Radomir Antic, Serbia
Antic’s Serbia came into the tournament with high hopes, but crashed out after losing their final group match against an already-eliminated Australian team when they only needed a point.
Antic, who has managed both Real Madrid and Barcelona, stayed on but resigned after Serbia’s unsuccessful Euro 2012 qualifying campaign. He then sued the Serbian FA, around the time he was being sacked from his coaching job in China. He’s been out of the game since 2013.
Marcelo Bielsa, Chile
Bielsa is beloved by his peers, players, and football fans. The stoic and academically inclined Bielsa reached God-like status in Chile after he qualified them for the World Cup in 2010 and reached the knockout stage, where Chile lost to Spain.
Despite rumors he was leaving, Bielsa signed a contract extension through 2015 – but he threatened he would leave if Jorge Segovia was elected President of the Chilean FA. Segovia was elected, and though the result was later annulled, Bielsa walked. His last post was with Athletico Bilbao, he hasn’t managed since the 2012-2013 season.
Bob Bradley, USA
Always the USA’s second choice, Bradley signed an uneasy contract extension after the American’s thrilling and exhausting run to the Round of 16 in South Africa.
But after a shellacking by Mexico in the 2011 Gold Cup Final at the Rose Bowl, Bradley was sacked and the US hired the long-chased Jurgen Klinsmann. Bradley surprisingly took the Egyptian National team job, and led them through a revolution and the Arab Spring to within a playoff of the World Cup, when the Pharaohs heartbreakingly lost to Ghana.
Bradley has since taken a job with Stabaek in Norway, becoming the first American to coach in a European top flight league. Bradley is a pioneer, in every sense of the word.
Fabio Capello, England
Don Fabio had the worst month of his professional life in South Africa, subjecting us to Ledley King, Emile Heskey, Rob Green, and an England narrative that turned very sour very quickly.
Although Capello stayed on after the World Cup to qualify the team for Euro 2012, this marriage was never likely going to end well.
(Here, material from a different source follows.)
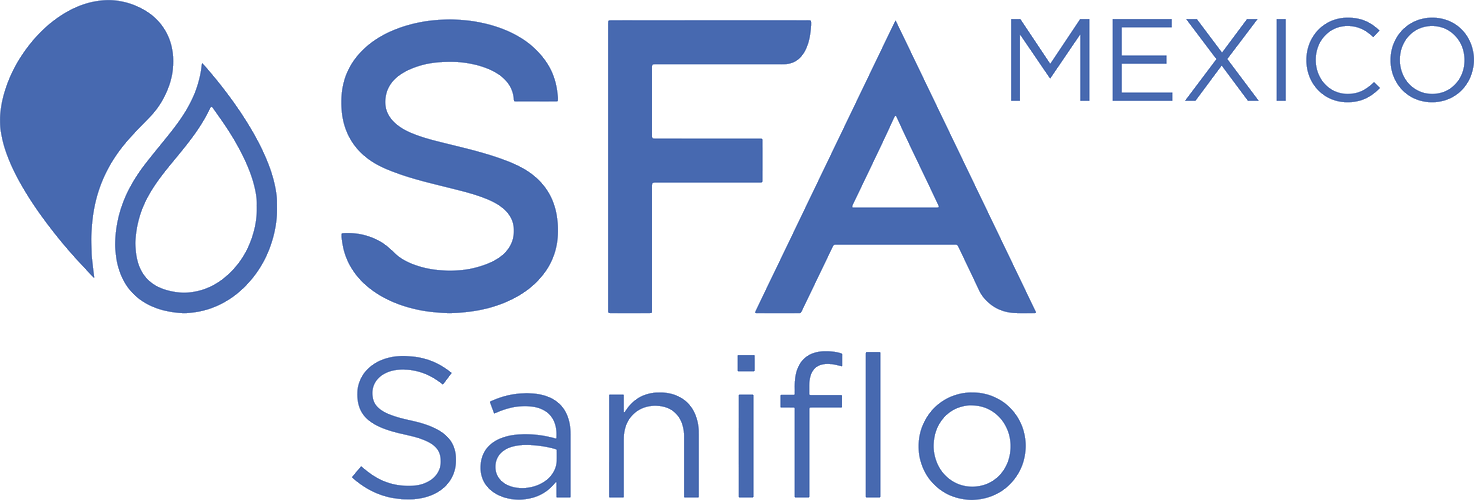 Logotipo SFA Saniflo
And in the end, Capello sensationally resigned after the English FA stripped John Terry of the captaincy for racially abusing Anton Ferdinand – even though Capello had himself stripped Terry of the armband in 2010 for an affair with Wayne Bridge’s girlfriend.
Capello quickly took over Russia, and is now set to lead a second World Cup campaign which he hopes will go much better than the first one did.
Vicente Del Bosque, Spain
The only manager in the modern era to win a Champions League, European Championships, and the World Cup, the esteemed Del Bosque led Spain to glory in South Africa four years ago, and is ready to defend the title in Brazil, having won Euro 2012 on the way.
Raymond Domenech, France
He was spectacularly fun – unless you are French, of course. When France qualified on the merits of a handball in 2010, you knew things could get ugly, but Domenech’s tawdry, incompetent, egomaniacal management ensured things would get historically ugly.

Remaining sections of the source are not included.